Estou mesmerizado há horas diante da foto do navio encalhado, do seu nome, Ever Given, em contraste com sua condição, um artefato do tamanho de um megaedifício atravessado num canal cujas dimensões o impedem de proceder a qualquer movimento que não seja ir em frente.
Mas o que houve com a embarcação, o que se passou com o comandante ou capitão, seja lá o nome que se dê a quem chefia esse tipo de transporte, de tal modo que considerou e de fato manobrou, atravancando as toneladas e toneladas, optando por um ângulo quando, no máximo, estaria em condições de desenhar uma linha reta?
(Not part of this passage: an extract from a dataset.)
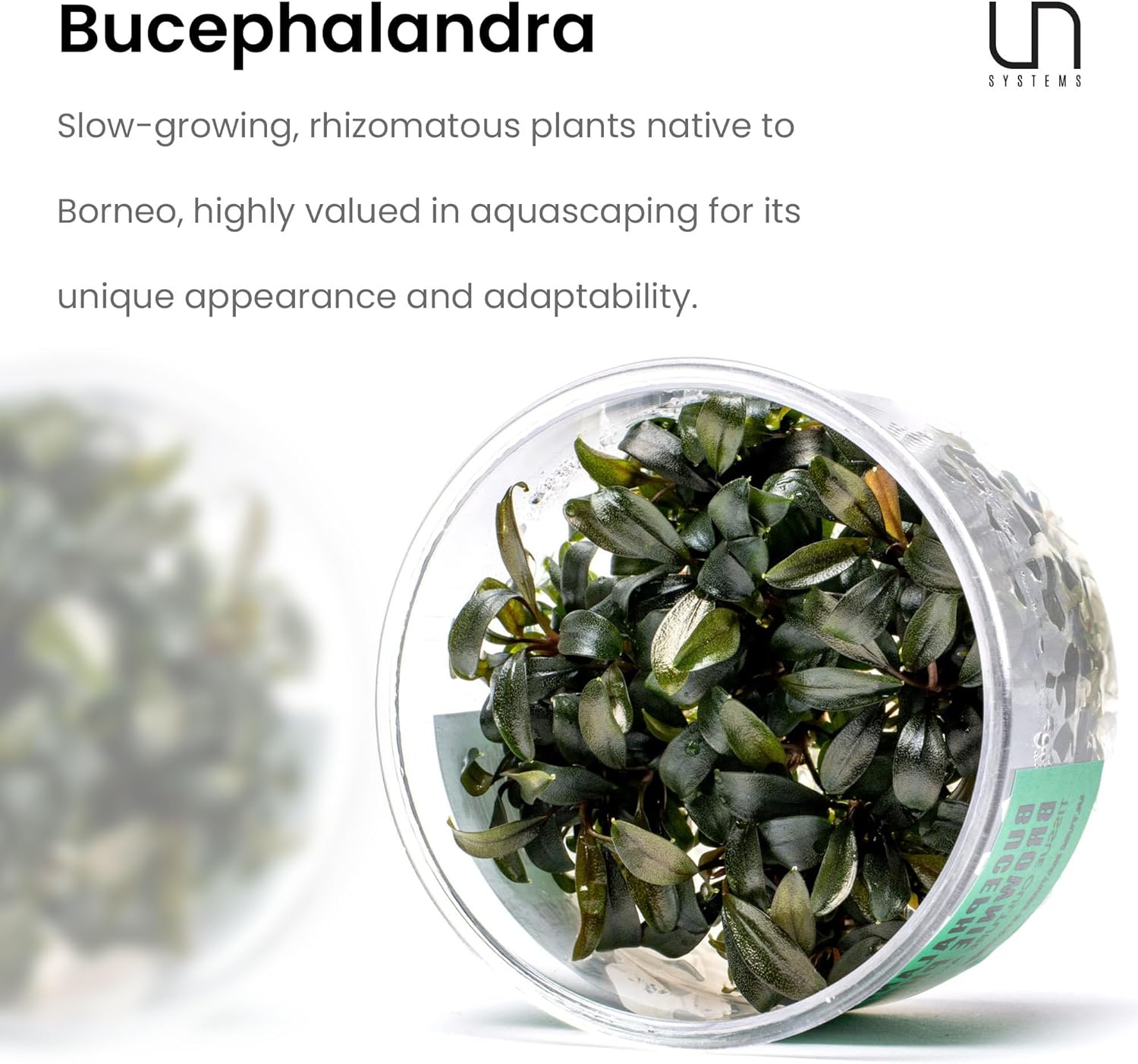 Ultum Nature Systems Live Tissue Culture - Bucephalandra Brownie Phoenix - Easy, Low-Med Light - Dark Green, Red, Purple Accent - Foreground to Midground - 100% Snail Free Grown In-Vitro - Regular Cup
Gostaria de aceitar que a imperícia explica tudo, que uma noite mal dormida ou qualquer outra justificativa técnica ou humana ajudassem a fazer entender por que cargas d’água o piloto, de certo experimentado, houve por bem encalhar um animal metálico com 400 metros de comprimento num dos trechos marítimos de maior fluxo do comércio global.
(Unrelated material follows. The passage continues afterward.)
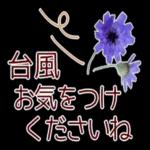 寒くなりましたね〜お体を大切に〜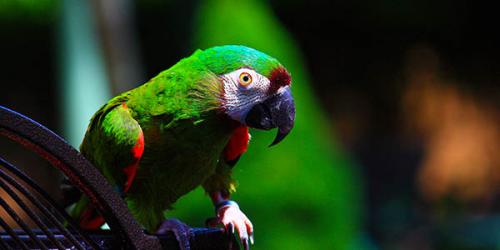 Picture of Severe Parrot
Porque simplesmente não entendo, e não aceito não entender, quer dizer, não posso conviver com a ideia de que há um mistério por trás desse equívoco, se se trata mesmo de erro. Erro humano, erro maquinal, erro do destino; afinal, não era o dia dele, por um alinhamento mal distribuído dos astros talvez o melhor não fosse ter saído a capitanear o Ever Given, mas ficar em casa preparando café e vendo séries antigas, alisando os pelos do gato e sentindo que a vida é isso mesmo.
Mas não foi o que aconteceu. Agora mesmo há uma fila de barcos à espera de que o canal seja desobstruído, coisa não prevista para os próximos dias, carregamentos empilhados, dinheiro perdido, fluxo interrompido, negócios extraviados, o capitalismo em risco porque, num dia sem graça, um homem decidiu guinar o casco um tantinho mais à esquerda ou mais à direita, seguindo o instinto que lhe dizia que, sim, era possível fazer, bastava proceder com o máximo de cuidado.
Mas não era, e agora assistimos entre suspensos e divertidos a uma operação não de resgate, porque não há vítimas nem vidas em risco, salvo se dentro daquelas caixas de ferro houver objeto sem o qual alguém, em alguma parte do mundo, estiver em vias de morrer.
Fora isso, é um teatro do absurdo acompanhar hora a hora, todos os esforços de pronto insuficientes, qualquer gesto incapaz de mover o navio, que se prostrou como montanha e de lá não pretende arredar pé.
A inutilidade de uma escavadeira cujo braço mecânico cava e cava, sem sucesso, em sucessivas tentativas frustradas de tornar mais funda a margem e de lá ajudar a desengastar o calmo e agora conformado Ever Given.